Recorded data
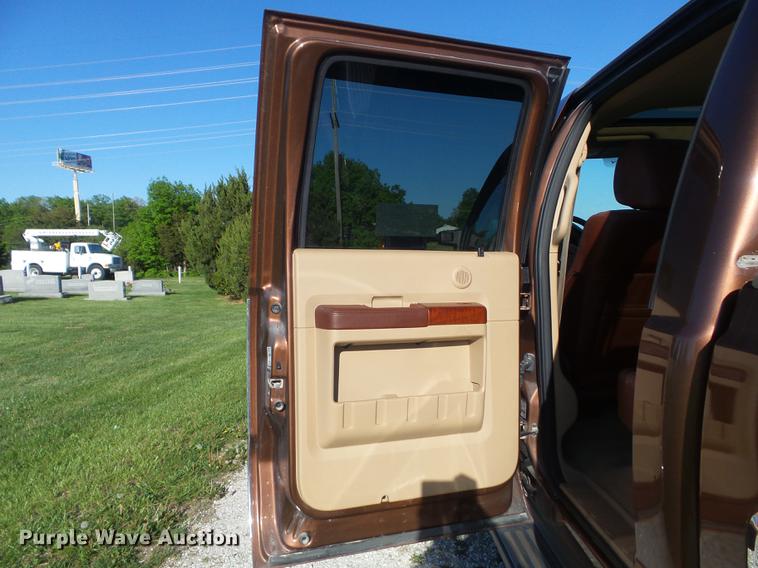 image for item DC7304 2011 Ford F350 Super Duty Lariat King Ranch Crew Cab pickup truck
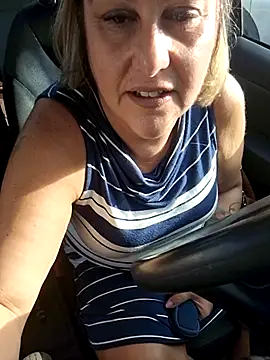 Snapshot of Mara-24 chatting on 10.25.25 Mara-24 online show from 10.25.25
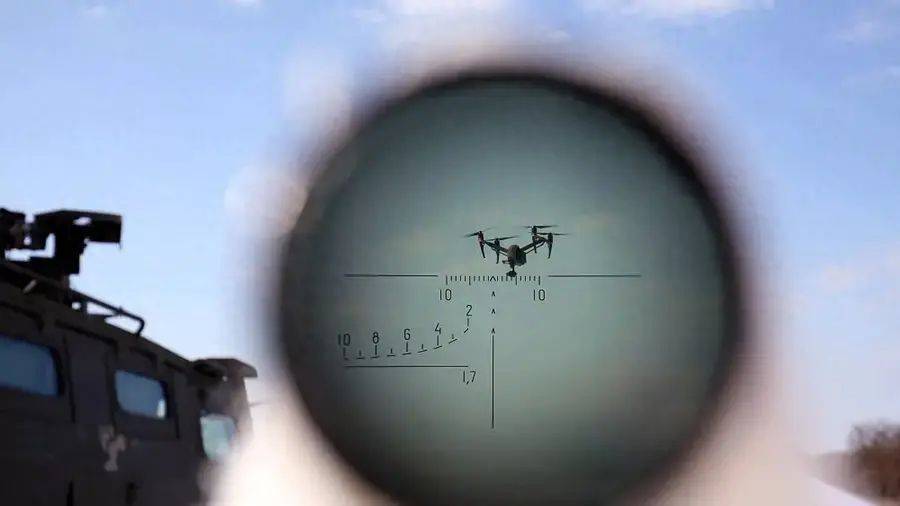 俄军无可奈何,困局无解,普京或取消今年阅兵_乌军_无人机_预警机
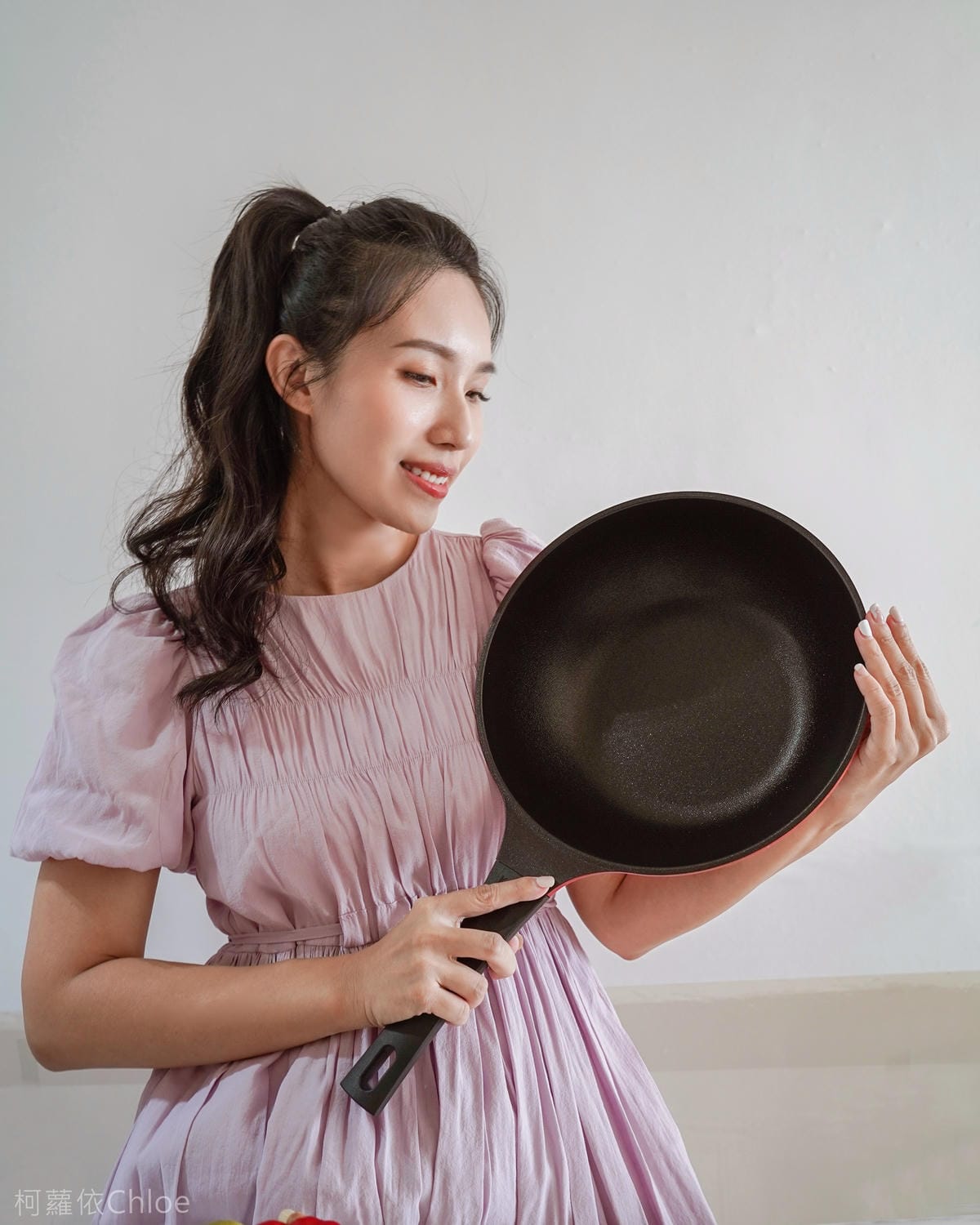 不沾鍋推薦 韓國Kassel 鑽石超導熱不沾輕深炒鍋 輕鬆料理每一天 IH爐 瓦斯爐適用(附食譜)4.jpg 不沾鍋推薦 韓國Kassel 鑽石超導熱不沾輕深炒鍋 輕鬆料理每一天 IH爐 瓦斯爐適用(附食譜)4.jpg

Exercise requirements
Return the lines from the one that contains "俄军无可奈何,困局无解,普京或取消今年阅兵_乌军_无人机_预警机" through the final line of the listing above, inclusive. Transcribe them exactly and drop the pictures.

Response below
 俄军无可奈何,困局无解,普京或取消今年阅兵_乌军_无人机_预警机
 不沾鍋推薦 韓國Kassel 鑽石超導熱不沾輕深炒鍋 輕鬆料理每一天 IH爐 瓦斯爐適用(附食譜)4.jpg 不沾鍋推薦 韓國Kassel 鑽石超導熱不沾輕深炒鍋 輕鬆料理每一天 IH爐 瓦斯爐適用(附食譜)4.jpg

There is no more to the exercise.